======== MATERIAL FOR THIS EXERCISE

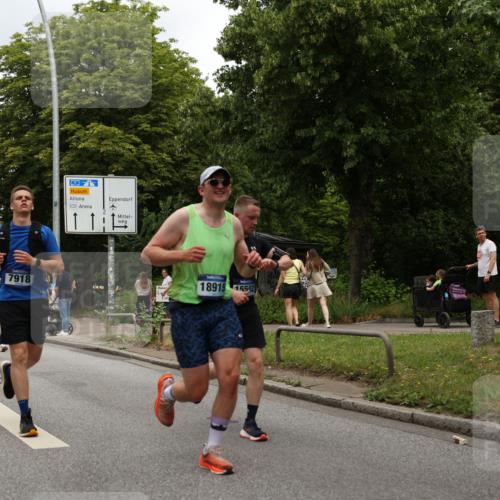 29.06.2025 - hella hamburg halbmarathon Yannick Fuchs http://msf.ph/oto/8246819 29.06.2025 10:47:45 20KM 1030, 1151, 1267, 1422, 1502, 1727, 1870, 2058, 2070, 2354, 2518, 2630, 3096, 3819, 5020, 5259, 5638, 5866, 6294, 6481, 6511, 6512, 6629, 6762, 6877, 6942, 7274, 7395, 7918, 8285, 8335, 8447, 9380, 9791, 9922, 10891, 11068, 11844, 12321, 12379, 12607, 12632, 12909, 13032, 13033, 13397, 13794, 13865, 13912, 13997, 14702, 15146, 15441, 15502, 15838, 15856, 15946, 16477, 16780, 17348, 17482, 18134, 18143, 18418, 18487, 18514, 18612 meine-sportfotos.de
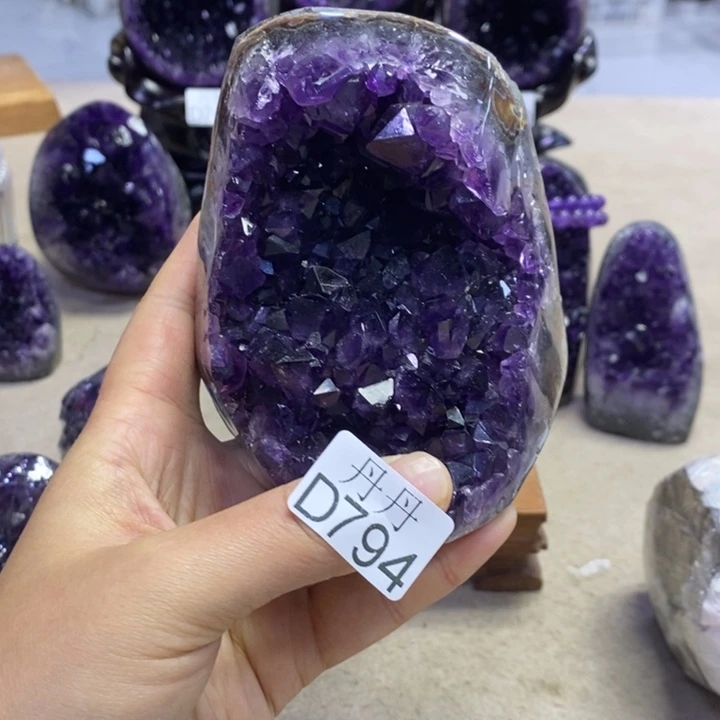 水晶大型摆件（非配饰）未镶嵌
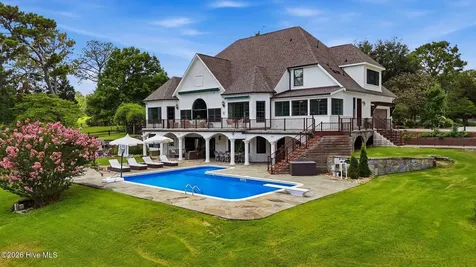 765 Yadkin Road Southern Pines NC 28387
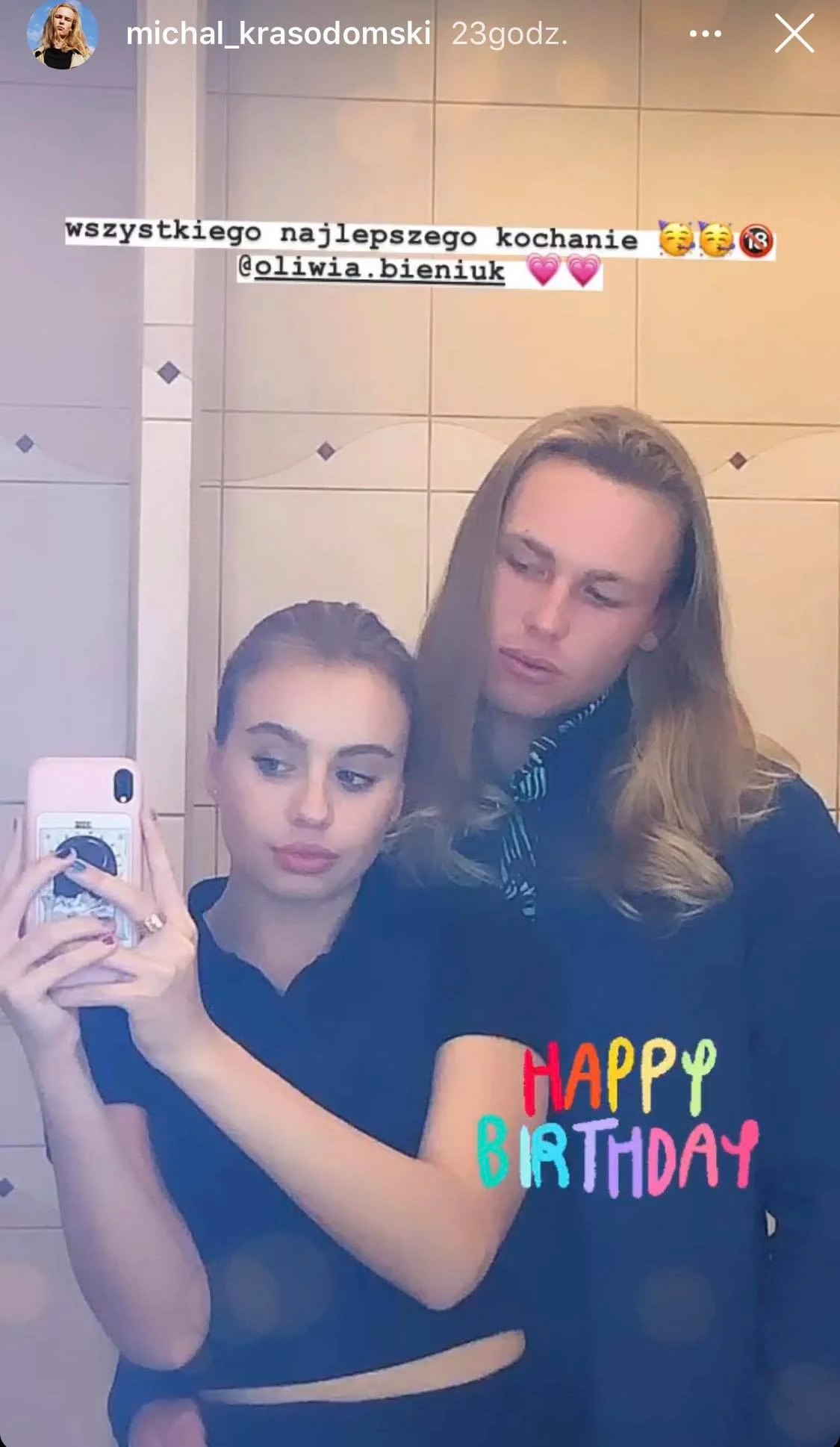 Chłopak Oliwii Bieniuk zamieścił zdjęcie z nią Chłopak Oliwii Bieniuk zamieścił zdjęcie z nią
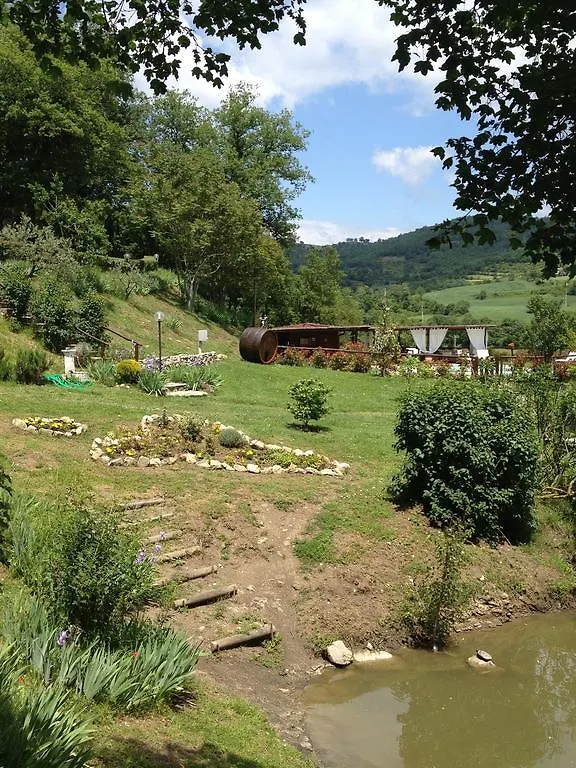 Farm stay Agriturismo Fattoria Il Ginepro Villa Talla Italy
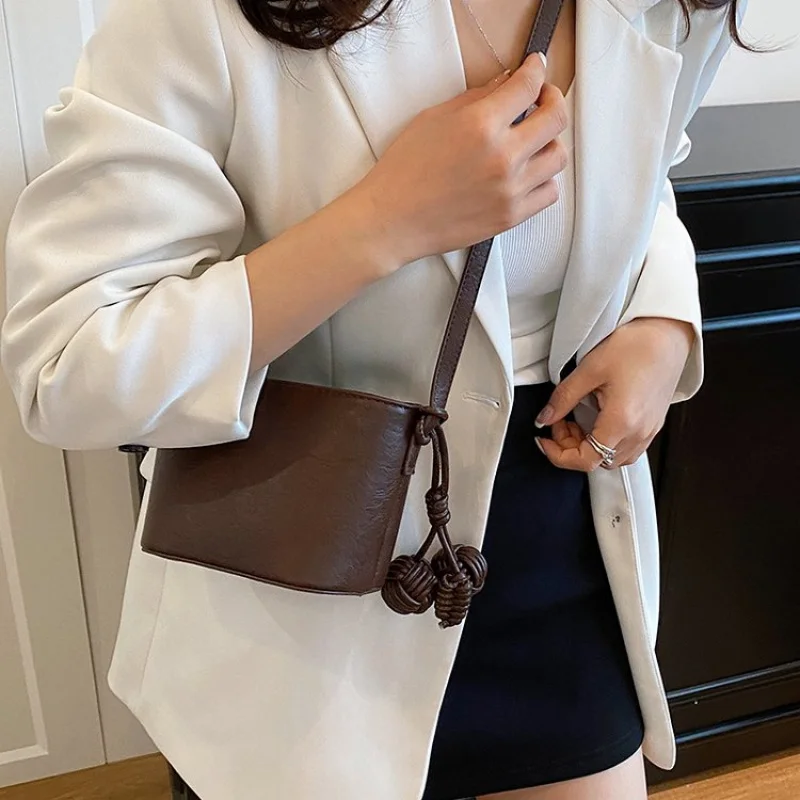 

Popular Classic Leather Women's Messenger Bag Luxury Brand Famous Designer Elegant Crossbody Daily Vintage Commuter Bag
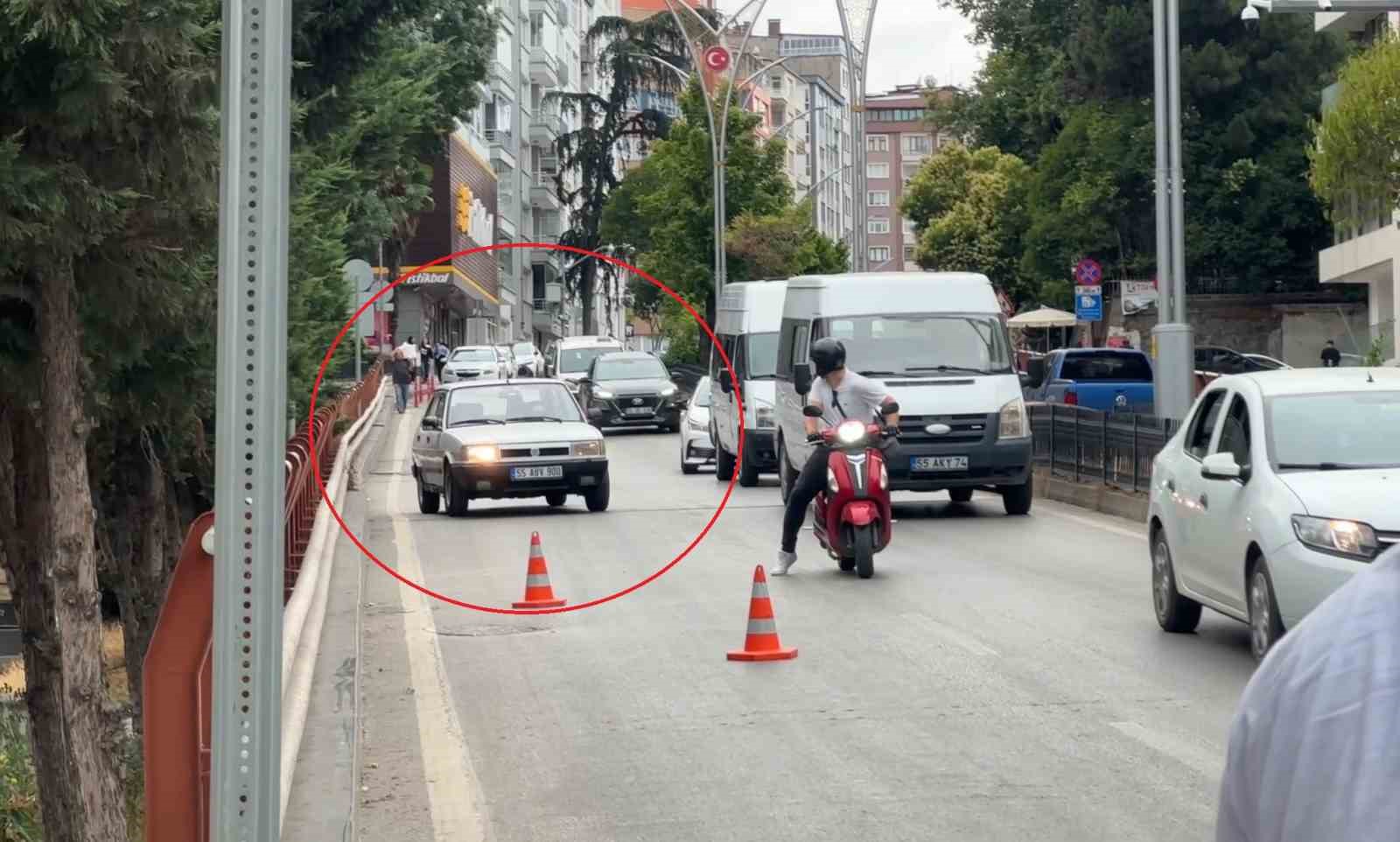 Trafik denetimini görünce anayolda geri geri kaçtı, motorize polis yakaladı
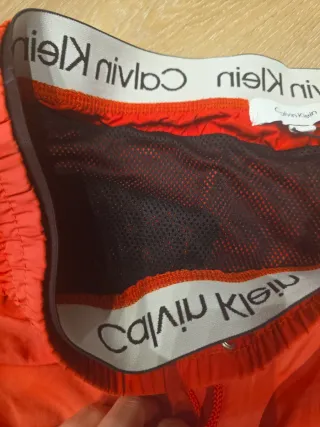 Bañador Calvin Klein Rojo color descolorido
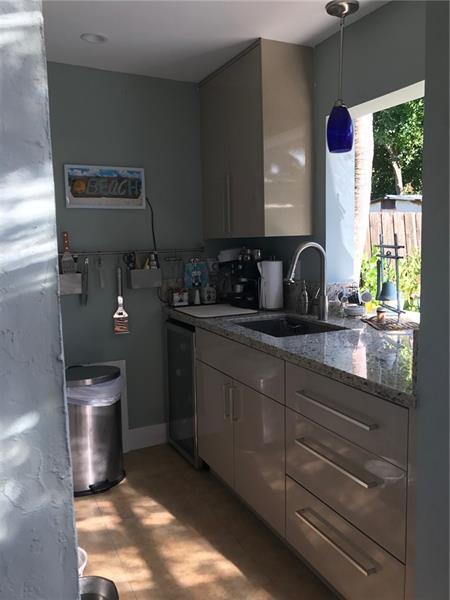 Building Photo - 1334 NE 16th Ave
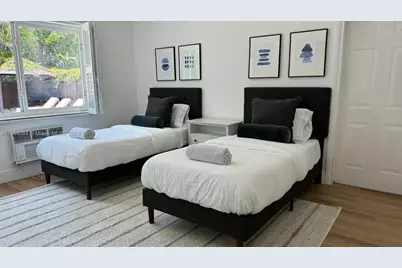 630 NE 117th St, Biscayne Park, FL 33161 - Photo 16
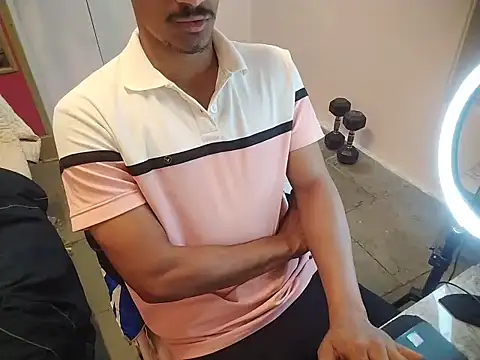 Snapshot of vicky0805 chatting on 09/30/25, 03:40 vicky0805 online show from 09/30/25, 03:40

================

• WHAT TO DO: The whole listing above is to be repeated exactly, apart from its pictures.

• ANSWER FOR THE TASK:
 29.06.2025 - hella hamburg halbmarathon Yannick Fuchs http://msf.ph/oto/8246819 29.06.2025 10:47:45 20KM 1030, 1151, 1267, 1422, 1502, 1727, 1870, 2058, 2070, 2354, 2518, 2630, 3096, 3819, 5020, 5259, 5638, 5866, 6294, 6481, 6511, 6512, 6629, 6762, 6877, 6942, 7274, 7395, 7918, 8285, 8335, 8447, 9380, 9791, 9922, 10891, 11068, 11844, 12321, 12379, 12607, 12632, 12909, 13032, 13033, 13397, 13794, 13865, 13912, 13997, 14702, 15146, 15441, 15502, 15838, 15856, 15946, 16477, 16780, 17348, 17482, 18134, 18143, 18418, 18487, 18514, 18612 meine-sportfotos.de
 水晶大型摆件（非配饰）未镶嵌
 765 Yadkin Road Southern Pines NC 28387
 Chłopak Oliwii Bieniuk zamieścił zdjęcie z nią Chłopak Oliwii Bieniuk zamieścił zdjęcie z nią
 Farm stay Agriturismo Fattoria Il Ginepro Villa Talla Italy

Popular Classic Leather Women's Messenger Bag Luxury Brand Famous Designer Elegant Crossbody Daily Vintage Commuter Bag
 Trafik denetimini görünce anayolda geri geri kaçtı, motorize polis yakaladı
 Bañador Calvin Klein Rojo color descolorido
 Building Photo - 1334 NE 16th Ave
 630 NE 117th St, Biscayne Park, FL 33161 - Photo 16
 Snapshot of vicky0805 chatting on 09/30/25, 03:40 vicky0805 online show from 09/30/25, 03:40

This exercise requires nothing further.